Metadata-Version: 2.1
Name: Graph-State-Machine
Version: 3.2
Summary: A simple library to build easily interpretable computational constructs similar to a Turing machine over a graph, where states are combinations of a graph's (typed) nodes; an example use would be a transparent backend logic which navigates an ontology
Home-page: https://github.com/T-Flet/Graph-State-Machine
Author: Thomas Fletcher
Author-email: T-Fletcher@outlook.com
License: BSD 3-Clause
Classifier: Development Status :: 5 - Production/Stable
Classifier: Programming Language :: Python
Classifier: Programming Language :: Python :: 3.8
Classifier: Programming Language :: Python :: 3.9
Classifier: Programming Language :: Python :: 3.10
Classifier: Programming Language :: Python :: 3.11
Classifier: Programming Language :: Python :: 3.12
License-File: LICENSE
Requires-Dist: networkx >=2.5
Requires-Dist: pandas >=1.1.1
Requires-Dist: matplotlib >=3.3.2
Requires-Dist: plotly >=5.1.0

Graph-State-Machine
===================

.. image:: https://img.shields.io/pypi/v/Graph-State-Machine.svg
    :target: https://pypi.python.org/pypi/Graph-State-Machine/
    :alt: Latest PyPI version

.. image:: https://pepy.tech/badge/Graph-State-Machine
    :target: https://pepy.tech/project/Graph-State-Machine
    :alt: Package Downloads

.. image:: https://img.shields.io/pypi/pyversions/Graph-State-Machine.svg
    :target: https://pypi.python.org/pypi/Graph-State-Machine/
    :alt: Python Versions

.. image:: https://github.com/T-Flet/Graph-State-Machine/workflows/Python%20package/badge.svg
    :target: https://github.com/T-Flet/Graph-State-Machine/actions?query=workflow%3A%22Python+package%22
    :alt: Build

.. image:: https://img.shields.io/pypi/l/Graph-State-Machine.svg
    :target: https://github.com/T-Flet/Graph-State-Machine/blob/master/LICENSE
    :alt: License

A simple library to build easily interpretable computational constructs similar to Turing machines
over graphs, where states can be (but are not limited to) combinations of a graph's (typed) nodes;
an example use would be a transparent backend logic which navigates a network of sub-states


Installation
------------

::

    pip install Graph_State_Machine



Description
-----------

This package implements a computational construct similar to a Turing machine over a graph,
where states are typically node combinations (state objects can be arbitrary) and where the arbitrary
transition function can update both state and graph.
Note that this last arbitrariness makes the system Turing complete since it allows implementing
a Turing machine with it (achieved by defining the graph to be a linear array and the state as a tuple
of node name and "head" state).

Given a graph with typed nodes and a state object from which a list of nodes can be extracted
(by an optional ``Selector`` function), the construct applies two arbitrary functions to perform a step:

``Scanner``
  A generalised neighbourhood function, which scans the graph "around" the state nodes and returns a scored
  list of nodes for further processing; additional and optional arguments can be included, e.g. to filter by type
``Updater``
  A function to process the scan result and thus update the state and possibly the graph itself


.. figure:: GSM_Diagram.png
    :align: center
    :figclass: align-center

    Schematic representation of a GSM step (with data flow in dashed arrows)

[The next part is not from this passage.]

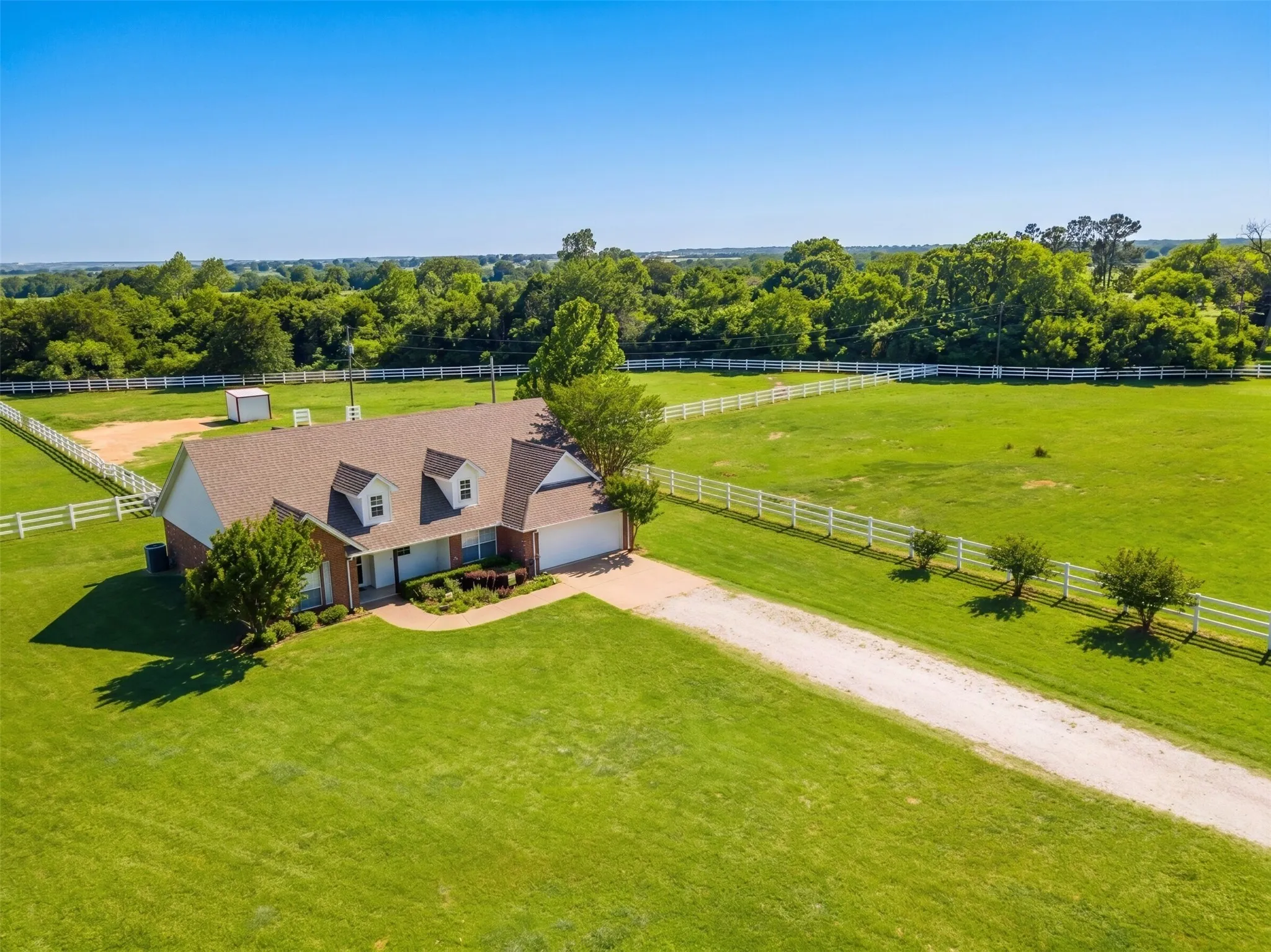 Single Family Residence For Sale in Wise County , 2113 FM 2123, Paradise, Texas 76073, 3 Bedroom, 2 Bathroom, 2 Garage spaces, 1,830 Sqft, built in 2002, mls#21275502, Real Estate Agent in Paradise, Homes For Sale in Wise county, Homes For Sale in Paradise, Realtor in Paradise Texas, Real Estate Brokerage Independent Realty Texas, Luminita Cordes Realtor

This computational construct is different from a finite state machine on a graph and from a
graph cellular automaton, but it shares some similarities with both in that it generalises some of
their features for the benefit of human ease of design and readability.
For example, a ``GSM``'s graph
generalises a finite state machine’s state graph by allowing the combinations of nodes to represent
state, and the scanner function is just a generalisation of a graph cellular automaton’s neighbourhood
function in both domain and codomain.
As previously mentioned, it is closer to a Turing machine on
a graph than either of the above, one whose programming is split between the internal state rules
and the graph topology, thus allowing programs to be simpler and with a more easily readable state.

Said graph topology can be further enriched/simplified by the presence of arbitrary information in the form of
node or edge attributes, which can then be used by arbitrary step rules;
an example of this are attributes representing necessity and sufficiency of those links.

Besides pure academic exploration of the construct, some uses for it are
implementing backend logics which are best represented by graphs (e.g. an "expert system"),
or pathing through ontologies by entity proximity or similarity.



Design
------

(Inspecting the package __init__.py imports is a quick and useful exercise in understanding the overall structure, while the following is a less concise version of the content of types.py)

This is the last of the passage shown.